PDIP: Tudingan SBY soal Aparat Tak Netral Berlebihan
Reporter
Budiarti Utami Putri
Editor
Amirullah
Minggu, 24 Juni 2018 12:38 WIB
TEMPO.CO, Jakarta - Ketua DPP Partai Demokrasi Indonesia Perjuangan (PDIP) Komaruddin Watubun menyebut tudingan Susilo Bambang Yudhoyono (SBY) ihwal ketidaknetralan oknum lembaga negara dalam pemilihan kepala daerah berlebihan. Komaruddin mengatakan SBY sedang berlaku seolah-olah menjadi korban atau playing victim.
"Era politik melodramatik SBY itu sudah berakhir dan ketinggalan zaman. Rakyat sudah tahu 'politik agar dikasihani' model SBY tersebut," kata Komaruddin melalui keterangan tertulis pada Ahad, 24 Juni 2018.
Baca: SBY Beberkan Bukti Ketidaknetralan BIN, TNI dan Polri di Pilkada
SBY sebelumnya menyebut Badan Intelijen Negara (BIN), TNI dan Polri tidak netral dalam menghadapi pesta demokrasi. Dia mengungkit pilkada DKI Jakarta 2017.
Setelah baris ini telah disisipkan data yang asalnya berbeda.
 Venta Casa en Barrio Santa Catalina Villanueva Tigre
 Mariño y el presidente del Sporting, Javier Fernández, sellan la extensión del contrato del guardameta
Calon wakil gubernur yang diusung Partai Demokrat, Sylviana Murni, berkali-kali dipanggil kepolisian untuk diperiksa terkait dugaan korupsi dalam pengelolaan dana bantuan sosial pemerintah DKI di Kwarda Pramuka DKI Jakarta tahun anggaran 2014 dan 2015. Suami Sylviana, Gde Sardjana, juga beberapa kali diperiksa kepolisian terkait aliran dana ke terduga pelaku makar.
SBY menyebut pemanggilan itu janggal. Dia juga mengungkit saat namanya disebut oleh mantan Ketua Komisi Pemberantasan Korupsi Antasari Azhar sebagai dalang yang membuat Antasari dipenjara.
Komaruddin balik mempertanyakan pernyataan SBY itu. Dia menyoal kasus yang menjerat Antasari saat tengah mengusut dugaan korupsi pengadaan alat IT di Komisi Pemilihan Umum saat pemilu legislatif 2009. Komaruddin juga menyebut SBY memberikan iming-iming jabatan pengurus teras partai kepada komisioner KPU Anas Urbaningrum dan Andi Nurpati.
Baca: SBY Bertanya Soal Rumah Deddy Mizwar yang Digeledah Pj Gubernur
Tak hanya itu, Komaruddin melontarkan sejumlah serangan lain seperti manipulasi daftar pemilih tetap (DPT) pemilu 2009, penggunaan dana Anggaran Pendapatan dan Belanja Negara (APBN) melalui dana bantuan sosial untuk keperluan pemilu, dan penggunaan intelijen dalam pilpres 2004 dan 2009. "SBY-lah yang justru telah menggunakan alat-alat negara agar tidak netral," ujar Komaruddin.
Komaruddin pun meminta SBY tak menyamakan pemerintahan era dirinya dan Joko Widodo saat ini. Menurut Komaruddin, PDIP tentunya sudah menang dalam pilkada lalu jika memang menggunakan aparat negara.
Dia pun menyebut serangan ke pemerintahan Jokowi menunjukkan SBY tak memikirkan kepentingan bangsa dan negara, melainkan partai dan keluarganya. "Lebih pada persoalan bagaimana AHY dan Ibas yang diklaimnya sebagai keturunan Majapahit. Lalu begitu jago yang diusung di pilkada elektabilitas rendah, tiba-tiba salahkan penggunaan alat-alat negara," ujarnya.
Komaruddin mengatakan SBY sebaiknya buka-bukaan perihal apa yang terjadi dalam pilpres 2004 dan 2009 ketimbang terus menyalahkan Jokowi dan aparat negara.